Ein Verlust könnte teuer werden.
Schliesslich geht es um Schadensersatzzahlungen in Milliardenhöhe. Zehntausende Chrome-Nutzer haben geklagt. Ob sie zusammen zwischen 100 und 1000 US-Dollar für die Datenschutzverletzungen erhalten, muss nun US-Bezirksrichterin Yvonne Gonzalez Rogers entscheiden.
Google selbst streitet ein Fehlverhalten ab. «Datenschutzkontrollen sind seit Langem in unseren Diensten integriert, und wir ermutigen unsere Teams, ständig Ideen zu diskutieren und zu prüfen, um sie zu verbessern», sagte der Konzern-Sprecher Jose Castaneda in einer E-Mail.
Google argumentiert in den Gerichtsunterlagen, dass der Inkognito-Modus das Surfen zwar nicht unsichtbar macht, die Nutzer aber ihr Einverständnis gegeben haben, dass das Unternehmen ihre Daten verfolgt. «Der Inkognito-Modus bietet den Nutzern ein privates Surferlebnis, und wir haben uns klar darüber geäussert, wie er funktioniert und was er bewirkt, während die Kläger in diesem Fall unsere Aussagen absichtlich falsch dargestellt haben», so Castaneda in der E-Mail.

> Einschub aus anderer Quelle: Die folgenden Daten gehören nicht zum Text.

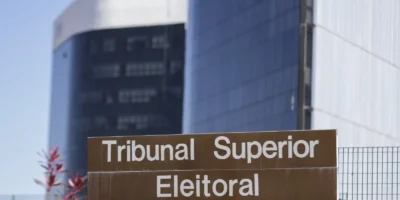 TSE livra Flávio de multa por vídeo de Bolsonaro feito com IA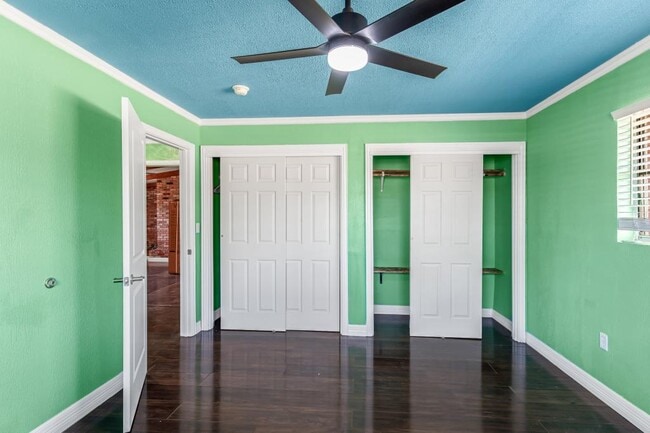 Building Photo - 207 S Temple St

So warne Chrome in einer Inkognito-Sitzung ausdrücklich davor, dass die Web-Aktivitäten für besuchte Webseiten, Arbeitgeber und Internet-Provider weiterhin sichtbar seien.
Bislang weiss nur Google, was es mit den Daten macht, die es bei der Suche im Inkognito-Modus sammelt. «Einiges davon wird bei der Verhandlung ans Licht kommen», ist etwa Serge Egelman, Forschungsleiter der Usable Security and Privacy Group am International Computer Science Institute der University of California in Berkeley überzeugt.
Daten darüber, wo die Nutzer des Inkognito-Modus online gehen, was sie auf bestimmten Websites tun und welche Werbung sie sich ansehen, könnten laut Egelman für das Conversion-Tracking verwendet werden, mit dem Werbetreibende erfahren, wie Nutzer mit Werbung interagieren. Dies sei auch «wahrscheinlich aus der Sicht der Profilerstellung wertvoll, um gezielte Werbung zu verkaufen».
Die klagenden Konsumenten argumentieren, dass die Transparenz von Google in Bezug auf die Datenerfassung völlig unzureichend sei. In einer Gerichtsakte wiesen sie auf einen internen Vorschlag eines Google-Chrome-Produktleiters hin, den Spruch auf dem Inkognito-Startbildschirm so zu ändern, dass es heisst: «Sie sind NICHT vor Google geschützt», anstatt «Sie sind vor anderen Personen geschützt, die dieses Gerät benutzen».